‘We can no longer be passive’ was the call from Chevening Scholar Yahoska Berrios on World Water Day 2016. The Nicaraguan scholar fronts a video aimed at the Chevening community which calls for greater efforts to help improve access to water for rural communities, given that the lack of water has a disproportionately negative effect on women and children.

Three Chevening Scholars met in mid-March to record a simple video in Bloomsbury, London, in which a male scholar, Yurika, had to race against a female scholar, Alejandra. Across the world, women spend 200 million hours per day just collecting water, whilst men are able to spend that time earning a living or receiving education. To reflect the disadvantages that women endure, Alejandra had to race against Yurika whilst encumbered by two large bottles of water.
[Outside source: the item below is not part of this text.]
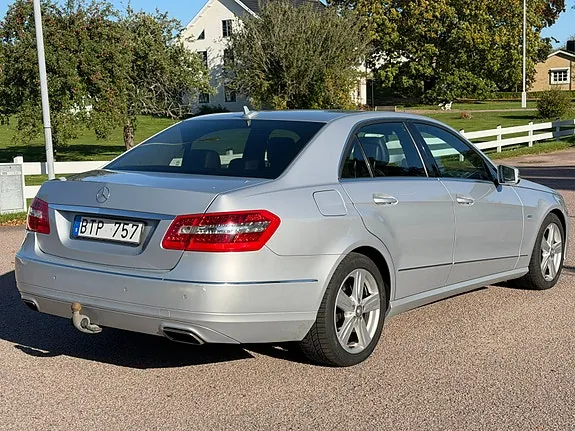 Mercedes-Benz E220 2012 photo 3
‘You could see my opponent was struggling behind with two bottles of water whilst I ran freely,’ noted Yurika Raymond, a scholar from Cameroon who is studying Global Health and Development at UCL. ‘This shows the kind of unfairness that we have concerning water in most developing countries, where we find girls walking for long distances to fetch water. Sometimes they stay out of school and don’t get educated because they are the ones who go [to collect] water’.

Alejandra González, who is studying Sustainable Planning at the University of Hertfordshire, confessed that shooting the video whilst running around with two five litre bottles of water was ‘really difficult’.

‘I think I realised how tough it is in many countries – this also happens in my country [Mexico]. Water services are so important to get to all the people of the world,’ she said.

The project was led by Yahoska Berrios, who had previously worked in Nicaragua with Raleigh International and has retained a passion for improving the livelihoods of people: ‘My experience as a team leader in a water and sanitation project in rural Nicaragua – which included having to carry water for more than a kilometre every day to drink, cook and wash – affirmed my passion to make a difference.’

Yahoska was awarded a Chevening Scholarship for 2015/2016 and is now completing a Master’s in Globalisation and Latin American Development at UCL ‘This experience has made me aware that the water crisis is a global problem that cannot be solved in isolation. It is necessary to create awareness of the role that each of us have in finding sustainable solutions for this crisis.’

She concluded by stating that the global community needs to engage in finding solutions now: ‘We can no longer be passive.’